Gillette’s core feeding team includes registered dietitians, speech and language pathologists, and occupational therapists. We refer patients to other Gillette specialists, when needed, to help maintain proper nutrition and support health. Our team approach ensures comprehensive care for every patient.
Why Choose Gillette?
- We understand the unique nutrition and feeding challenges parents of children who have disabilities and complex conditions face.
- We recognize that each patient’s nutritional needs and feeding preferences are different.
- When developing a treatment plan for patients, we consider the needs of the entire family and understand the role food plays in daily life.
- We believe that people who have disabilities deserve a lifetime of excellent health care—from birth through adulthood.
Our team has extensive experience working with children, teens and adults who have disabilities and complex conditions that began during childhood.
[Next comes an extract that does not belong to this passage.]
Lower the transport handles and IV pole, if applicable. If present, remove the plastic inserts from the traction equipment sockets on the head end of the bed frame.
A patient’s core nutrition and feeding team most often includes specialists in:
When needed, we might refer patients to specialists in:
- Ear, nose and throat (ENT or otolaryngology)
- Medical genetics and genetic counseling
- Pediatrics and general medicine (for pediatricians and nurse practitioners who specialize in height and growth concerns)
- Radiology and imaging
To search for providers, visit Our Care Team.
Conditions We Treat
Our nutrition services and feeding clinics are designed for patients who have complex medical conditions and injuries. Many of the patients we see have a variety of challenges that affect their nutritional status and ability to eat.
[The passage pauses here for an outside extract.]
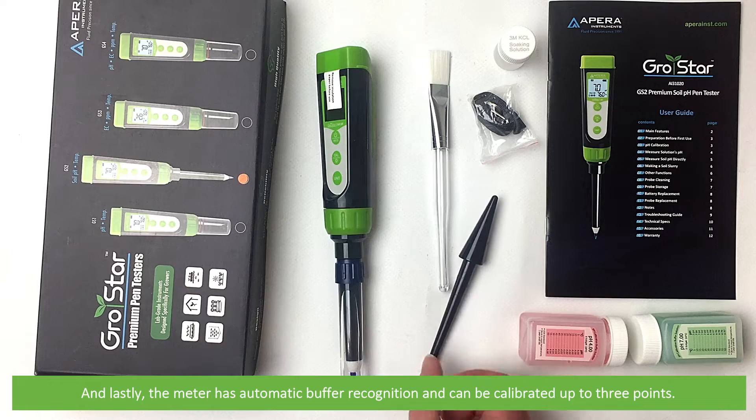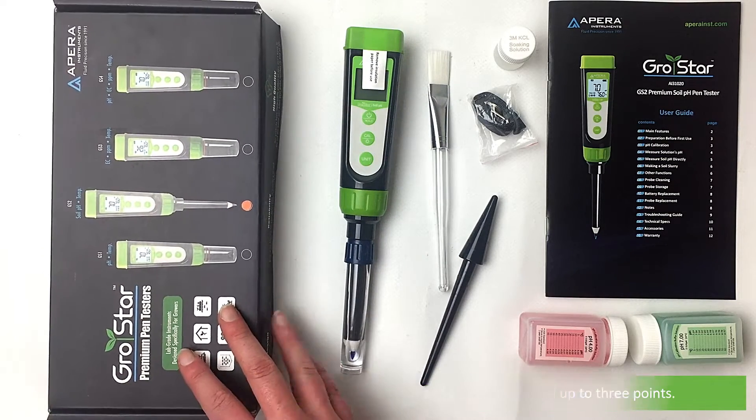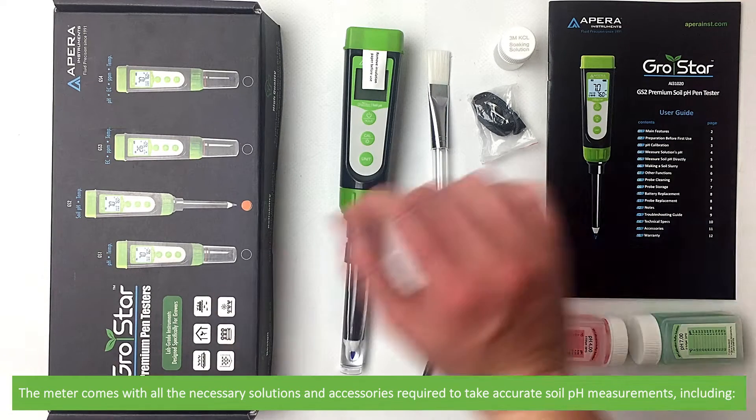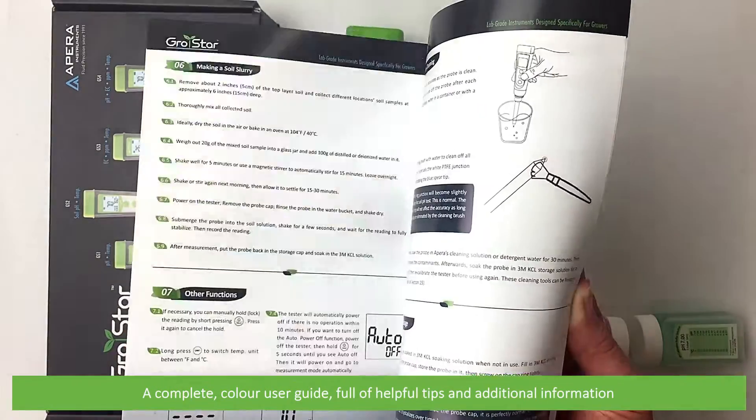The meter has automatic buffer recognition and can be calibrated up to three points. The meter comes with all the necessary solutions and accessories required to take accurate soil pH measurements, including a complete color user guide full of helpful tips and additional information.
For example, we often see patients who:
- Experience problems tolerating the sensation of eating or swallowing food sensory input of food (oral aversion)
- Follow specialized diets, such as the ketogenic diet or low glycemic index diet, to treat epilepsy and seizures
- Have conditions that affect appetite, such as Prader-Willi syndrome
- Have difficulty swallowing (dysphagia)
- Have motor conditions that affect the ability to eat independently, including the ability to sit up or coordinate their hands during eating or drinking
- Have weakness in the muscles of their mouth or face, which affects the ability to move food safely and efficiently for eating
- Take medications that pose nutrition challenges
- Use feeding tubes
Many conditions can lead to challenges with nutrition and feeding. Some that we see most often include:
- Autism spectrum disorders
- Being overweight or obese
- Being underweight or having insufficient growth
- Brain injury and related neurotrauma
- Cerebral palsy
- Complex movement disorders
- Conditions that affect bone health (or a history of taking medications that affect bone health)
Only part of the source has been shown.